BOOKS | REVIEWS: Field Notes From an Unintentional Birder

"Field Notes from an Unintentional Birder: A Memoir," by Julia Zarankin. (Douglas & McIntyre/TNS)
"Field Notes from an Unintentional Birder: A Memoir," by Julia Zarankin. (Douglas & McIntyre/TNS)

Most birders have a "spark bird," some rare, gorgeous or exotic creature they spot in the wild that hooks them forever on birding.

For Julia Zarankin, it was the common red-winged blackbird.

That lowly bird struck her as magnificent the first time she noticed it. It had "unexpected vermillion patches" on its wings and a sound "so primal it left me marveling: this was as close as I'd ever stand to dinosaurs."

This sense of wonder in the ordinary permeates "Field Notes From an Unintentional Birder," a thoughtful, engaging and sometimes humorous memoir that documents Zarankin's evolution from novice birder to confident expert.

Birds and birding are the backbone of this book, but the memoir also traces Zarankin's metamorphosis from prickly, anxious perfectionist to someone who grew comfortable in her own skin.

"I discovered birds when many things in my life seemed disappointing," she writes. Her marriage had collapsed, the career she had worked toward for more than a decade bored her, she had returned to Toronto, the city she had grown up in but did not love. She was looking, she said, for "something that will bring me peace, without having to do yoga."

Birding was something she tried on a whim. It didn't take right away - she was intimidated by other birders, some of whom also called themselves beginners but "what they really mean is that they have a hard time distinguishing ducks in eclipse plumage."

Whereas she was a true beginner, delighted by blackbirds and mallards and referring to a killdeer as a "deerkill." She mistakes a green heron for a hummingbird - sort of like "confusing an elephant with a marmot." She can't find anything through binoculars. But still, she presses on.

Born in the Soviet Union, Zarankin spent her childhood shuttling between Odessa, where her grandparents lived; Leningrad, where her mother studied; and Petrozavodsk, where her father worked. "I was already a migratory species before I knew such a thing existed."

She did not come from an outdoorsy family - their passion was symphonic music and ballet. She excelled at neither, and so she gave them both up. It was excellence or nothing with her, until birding. Birding, she writes, taught her "to befriend failure." Nobody cares if she spots the bird she headed out to see. Nobody cares "whether I've seen one bird or 150."

Her bird descriptions are witty and apt.
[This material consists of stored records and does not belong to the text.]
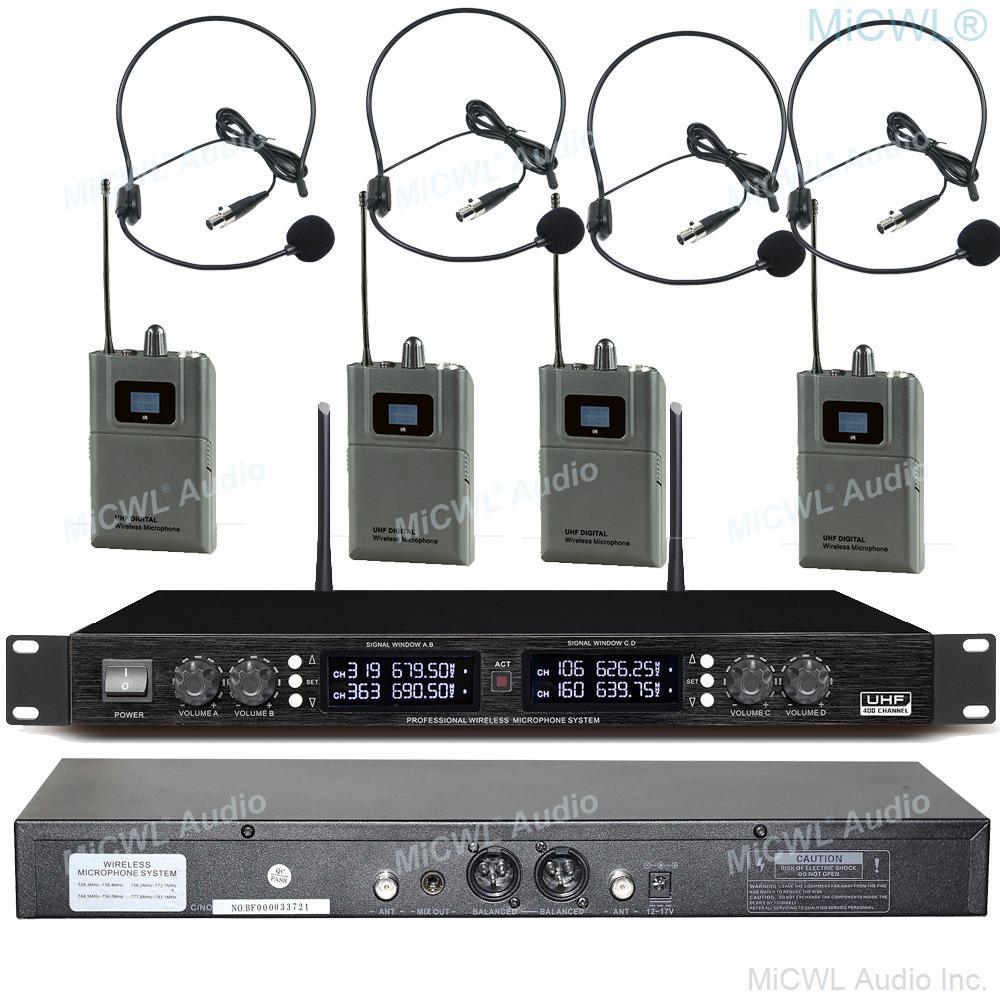 Pro 400 Channel UHF Digital Conference Microphone System 4 Desktop 4 Handheld 4 Headset Mics Sets MiCWL D3840 - MiCWL Audio Inc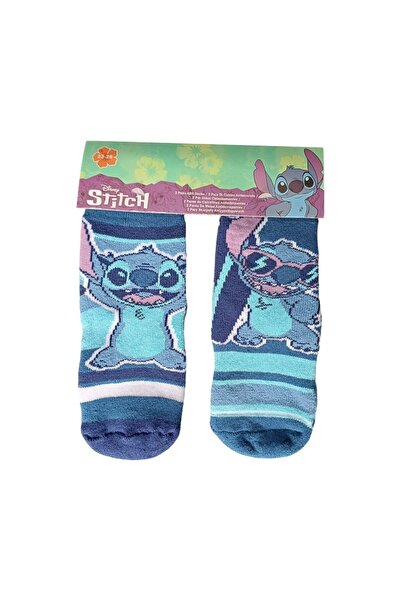 Stitch Set of 2 pairs of socks, non-slip sole and 3 pairs of boys' panties, 100% cotton, blue, Happy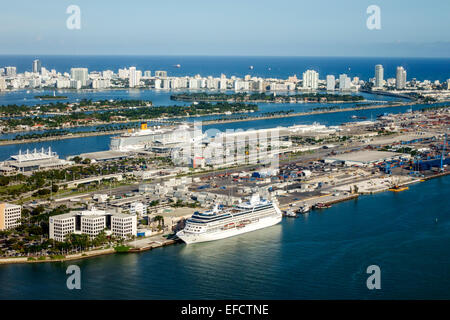 Miami Florida, Hafen, Biscayne Bay, Schiff, Miami Beach, Atlantischer Ozean, Luftaufnahme von oben, MacArthur Causeway, Blick durch das Fenster, FL150106 Stockfoto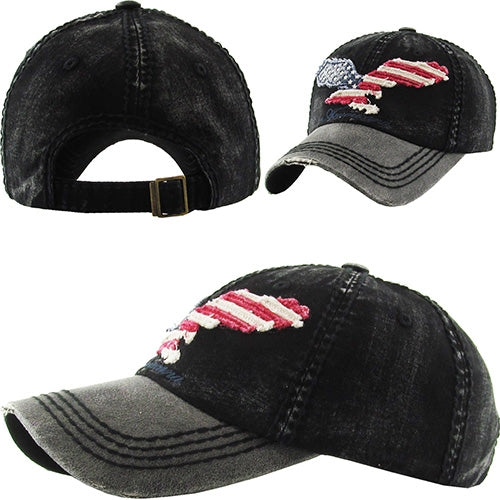Eagle Silhouette With American Flag Ball Cap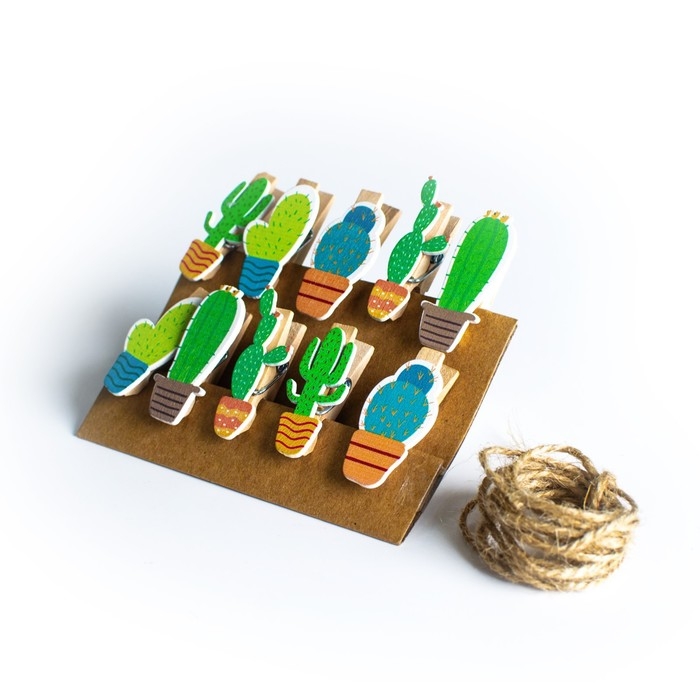 Набор декоративных прищепок "Кактусы" 1&times;12&times;13 см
Red-breasted mergansers have "spiky, Edward Scissorhands hairdos." A cedar waxwing "has a black eye mask - almost as if it's wearing a fetching pair of Ray-Bans." The white-fronted goose has a white circle around its bill, "as if the goose had dipped the front of his face in whipped cream."

Birding, she realizes, is a great instruction for life. "Progress is incremental. We showed up, we paid attention we listened, we hoped, we imagined, we waited."

And if we are very lucky, we might see a hummingbird, or a green heron. Even if we don't know the difference, we can feel awe.